To many of us—it was certainly so to me—this talk of victory over sin came to mean particularly and concretely victory over masturbation. I heard an Oxford theological college principal recently quoted as saying: “If Jesus had known the agony which his statement, ‘Whoever looks on a woman to lust after her has committed adultery with her already in his heart’ would cause millions of young men, he would have torn his tongue out.” It would be an overstatement to say in my case that it caused me agony, though one of my contemporaries was suicidal at one stage, as was a theological student whom I knew later on, but it was very troublesome and it was a long time before I came to a satisfactory understanding of the problem.

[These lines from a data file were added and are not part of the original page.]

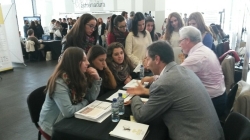 La VII Feria Educativa de la Universidad de Extremadura orienta a los alumnos sobre su futuro profesional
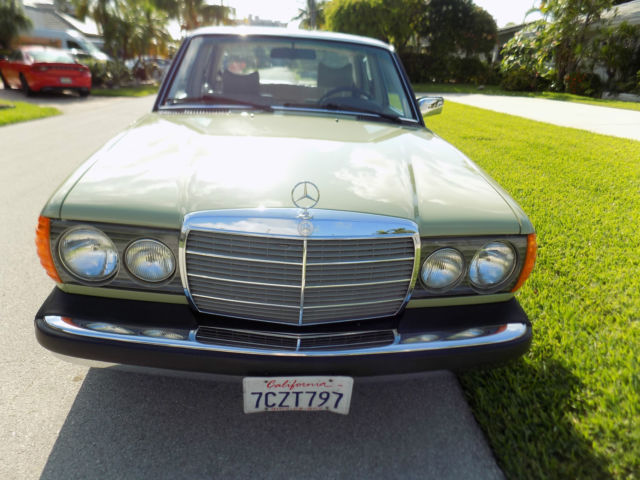 1979 Mercedes-Benz 200-Series - photo 5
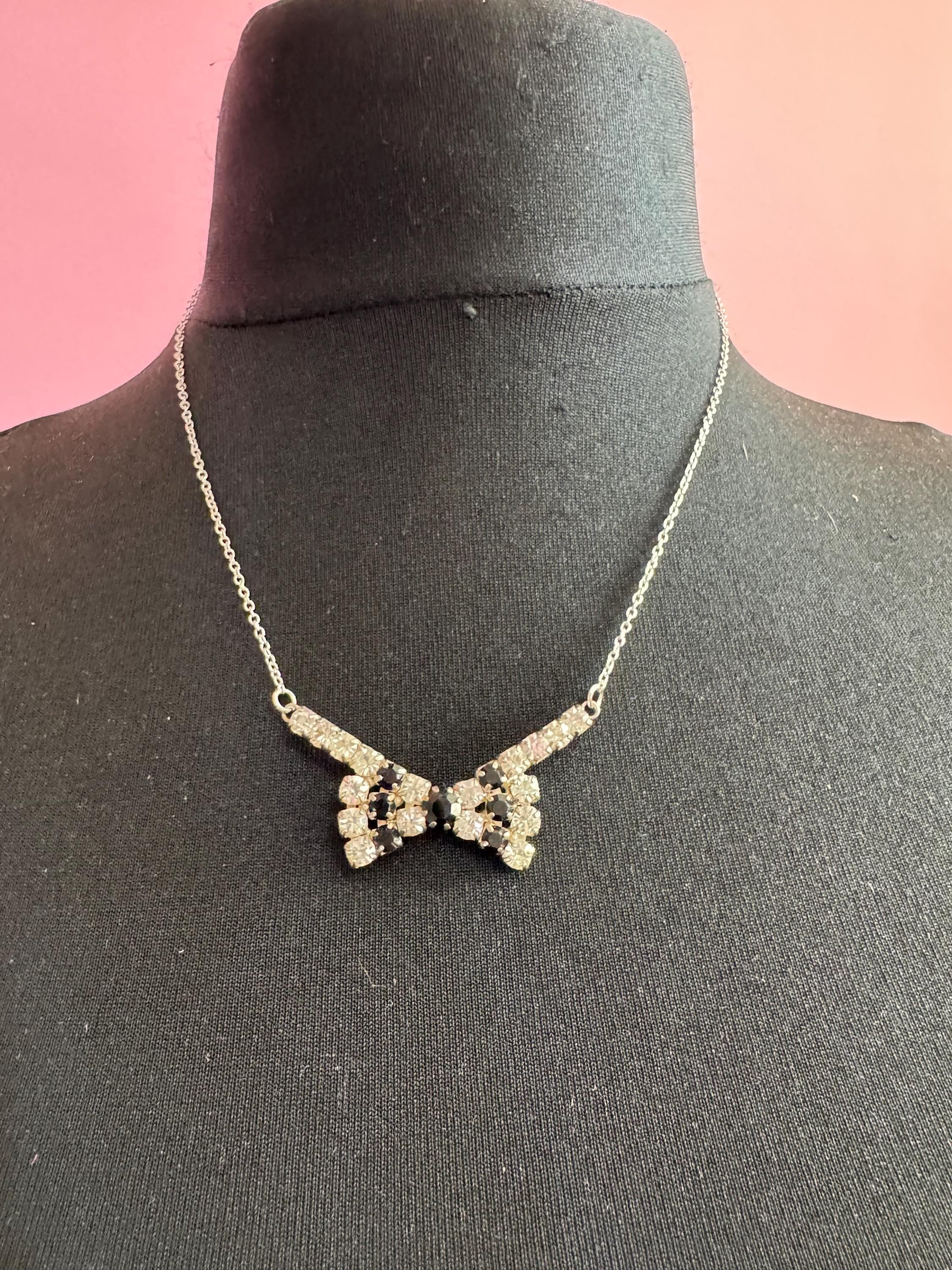 Dainty Vintage diamanté rhinestone black and clear bow necklace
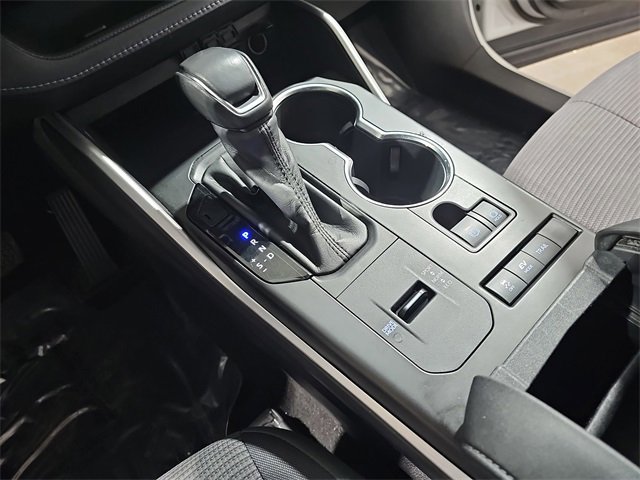 Used 2020 Toyota Highlander LE image 22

A number of considerations helped to save me in the matter of masturbation. For one thing my whole spiritual experience was built on the assumption that the Bible was God’s Word and that it was to this primary source that we should go for guidance. I found the Bible condemning all manner of sexual sins but this activity (said to be practiced by the great majority of men) is nowhere mentioned…In any case it was very near to nature, not far removed from a wet-dream.
It is a shame that for a millennium Christendom had all its sexual instruction from men who had had no experience of pure and happy sexual intercourse. It makes it difficult now to steer a course between a guilt-ridden anxiety on the one hand and a sinful laxity on the other.
All of us in the CICCU, I think, accepted the fact that a Christian should not have sex before marriage. With all the colleges being single-sex and only two of them being for women, there was not the pressure of continual contact experienced in modern universities. Most of us hoped to be happily married and were content to wait till marriage had come into sight as a practical possibility before forming alliances with girlfriends.
Incredible though it may sound today, this was to us one way of “seeking first the kingdom of God.” And God wonderfully added the blessing of happy marriages to nearly all of us. Some sixty of us went down from Cambridge in 1934 and we kept in touch with each other by six-monthly duplicated letters thereafter and, in spite of prudish upbringings and lack of sexual knowledge, not a single one of our first marriages went wrong.
In common with other evangelicals we had a strong doctrine of separation from the world. This consisted of a taboo on smoking, dancing, theatre, cinema, gambling and alcohol, and is often thought of as something negative, when Christianity with its belief in a Sovereign Creator ought to be supremely world-affirming.
J. Wenham, Facing Hell: The Story of a Nobody - An Autobiography 1913-1996 (Paternoster Press 1998), 52-56.